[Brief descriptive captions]
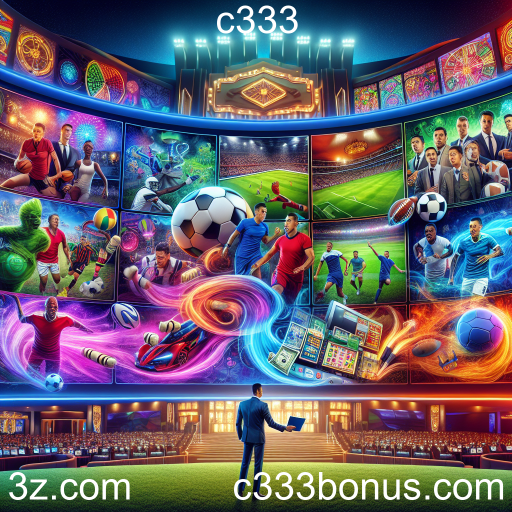 A Evolução dos Jogos Esportivos na Plataforma c333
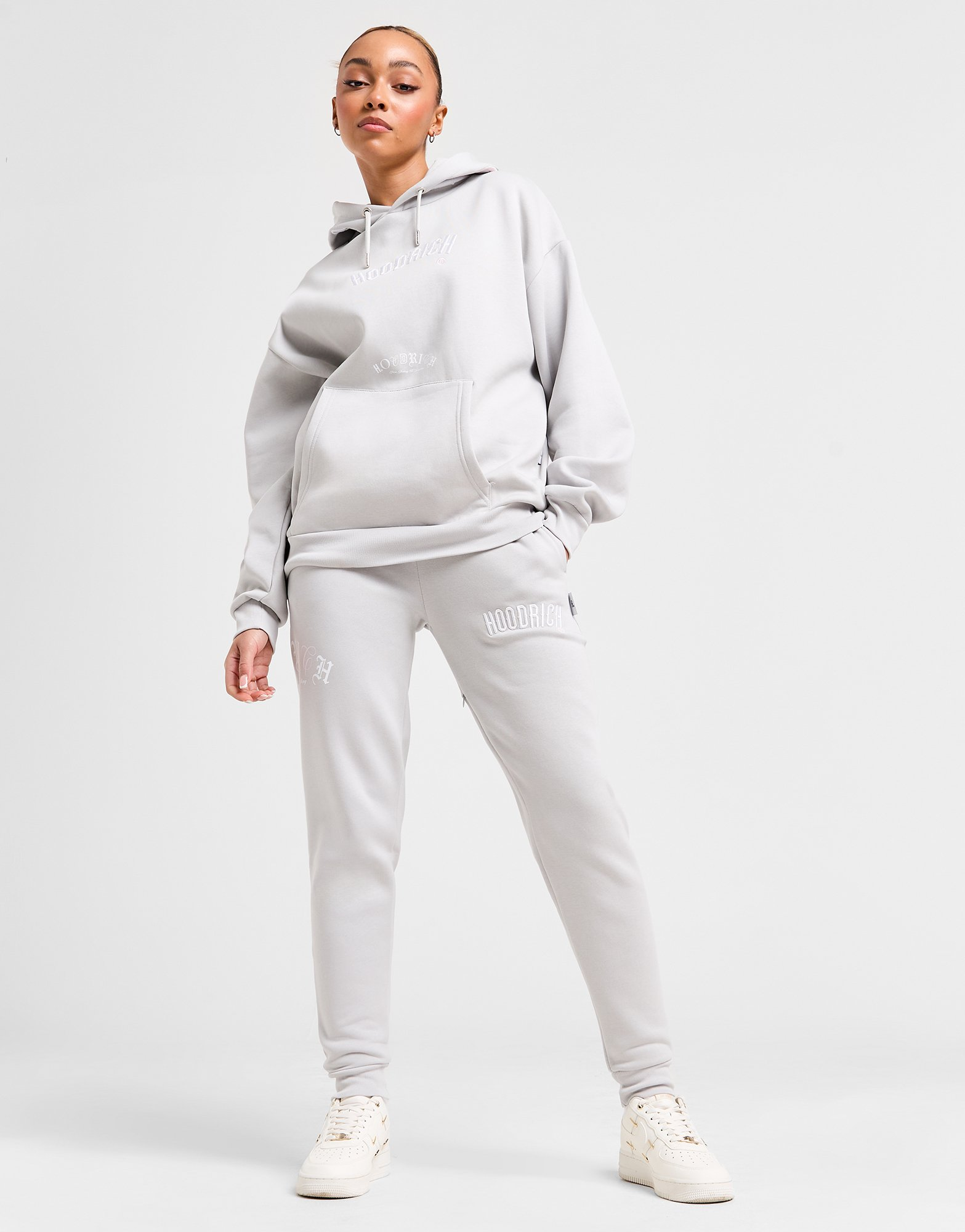 Hoodrich Pantalon de jogging Calor Femme
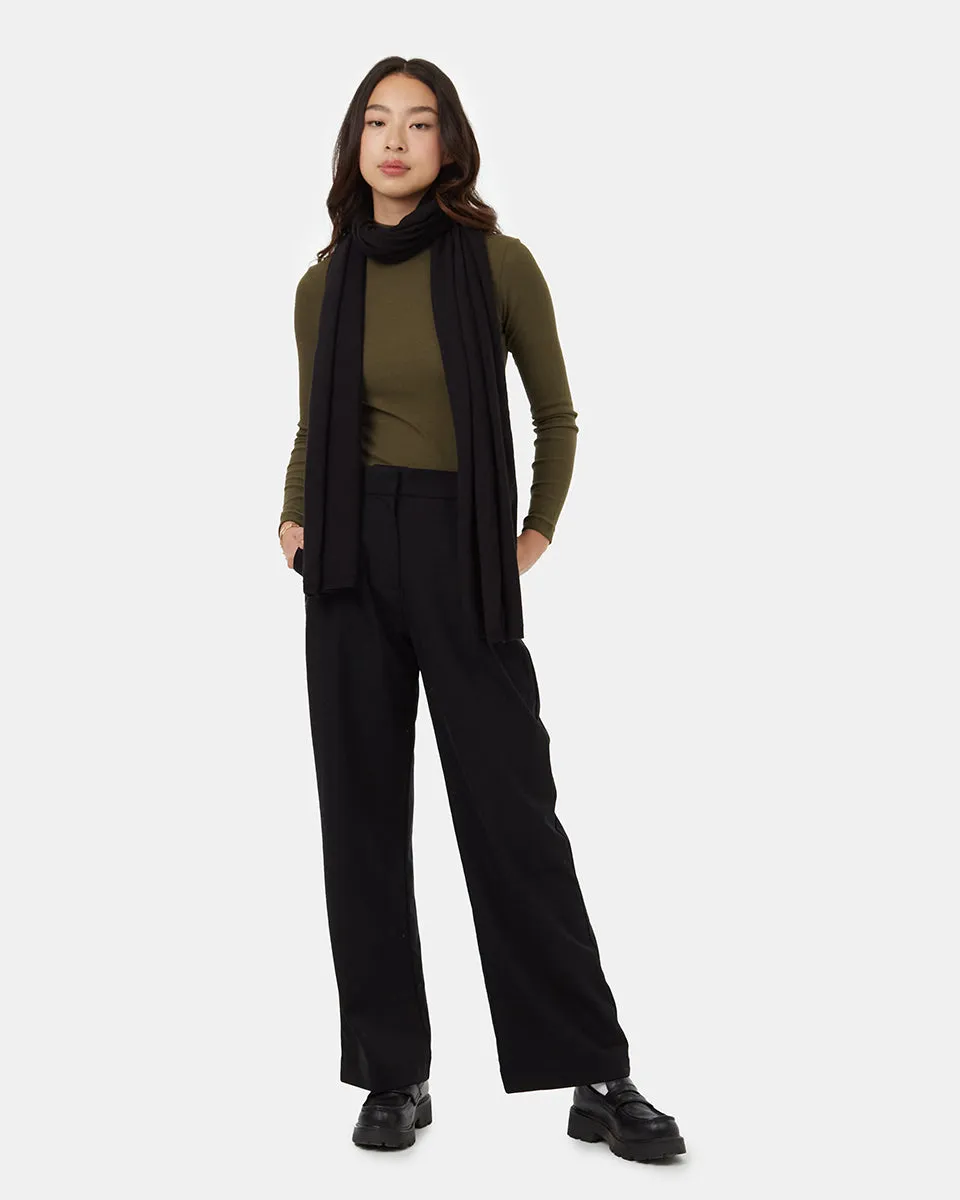 Cotton Ribbed Scarf sold by tentree product image thumbnail 2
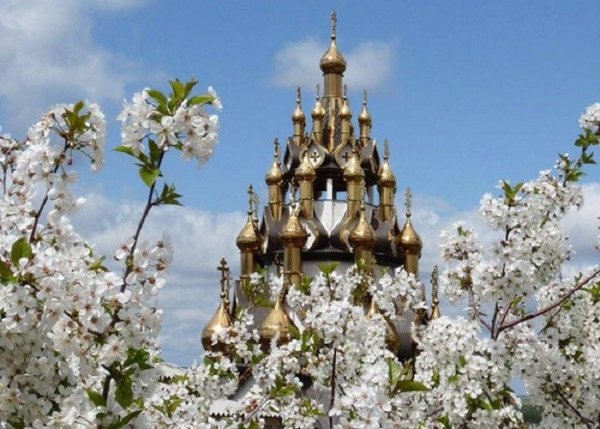 Борисоглебский монастырь Дмитров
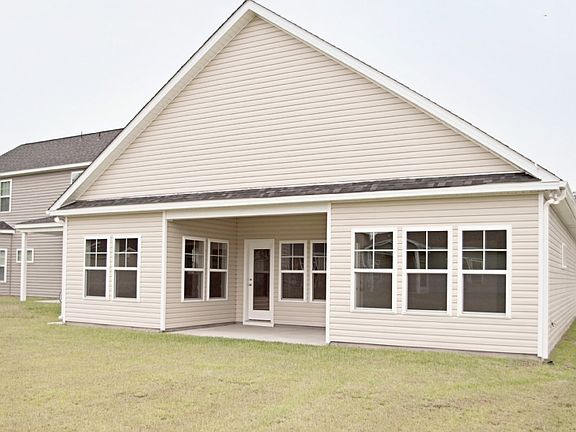 New Homes Myrtle Beach Palmetto Greens Hoke
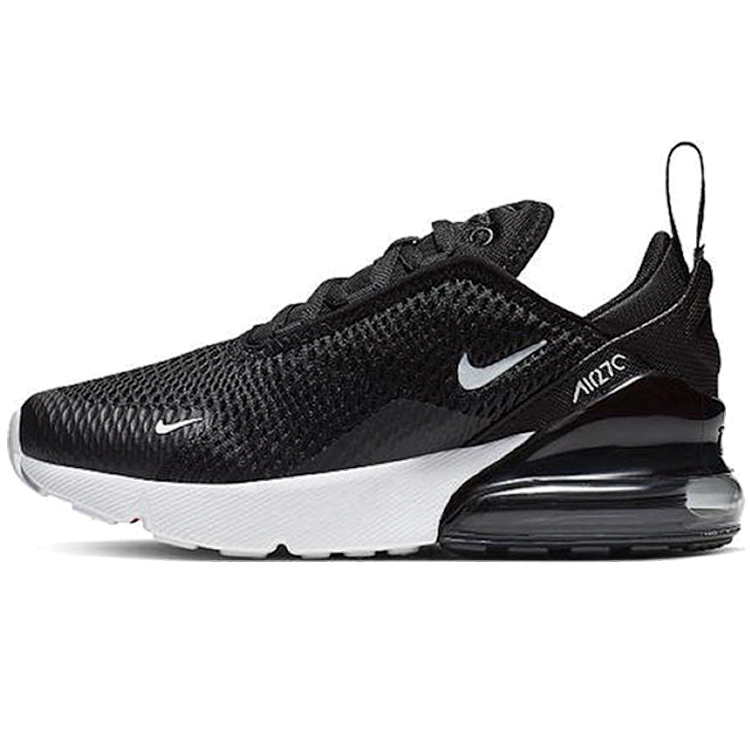 Кроссовки Nike AIR MAX 270 BP / Мужской / 33 / Черный photo 1
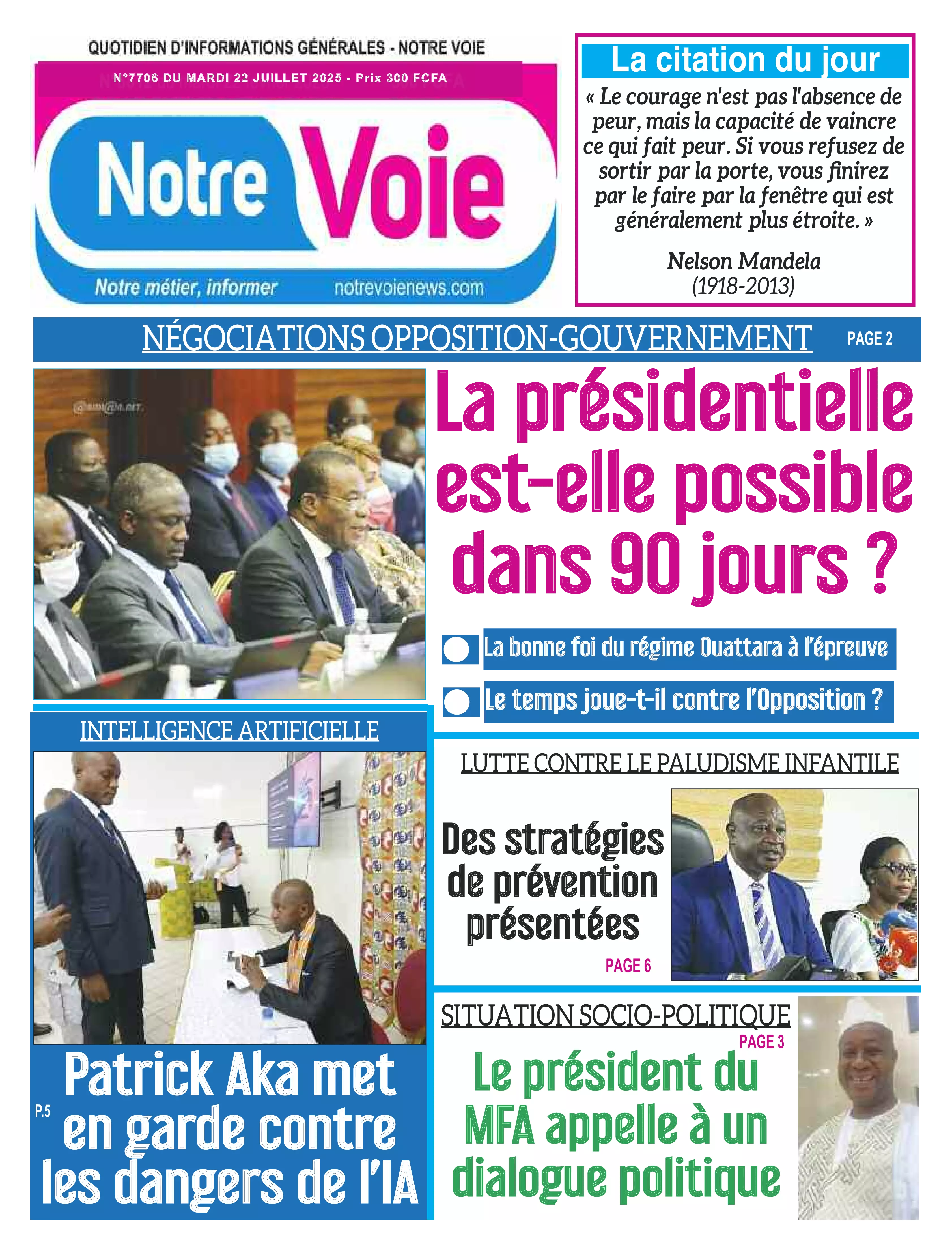 N° 7706 - 2025-07-22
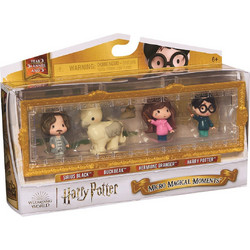 Spin Master Harry Potter Wizarding World Micro Magical Moments Deluxe 3rd Movie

§ What is required: Please transcribe, with no additions, the lines starting at the one that contains "Hoodrich Pantalon de jogging Calor Femme" and running through the last line of the entries, inclusive. Leave the pictures out.

§ Written response:
 Hoodrich Pantalon de jogging Calor Femme
 Cotton Ribbed Scarf sold by tentree product image thumbnail 2
 Борисоглебский монастырь Дмитров
 New Homes Myrtle Beach Palmetto Greens Hoke
 Кроссовки Nike AIR MAX 270 BP / Мужской / 33 / Черный photo 1
 N° 7706 - 2025-07-22
 Spin Master Harry Potter Wizarding World Micro Magical Moments Deluxe 3rd Movie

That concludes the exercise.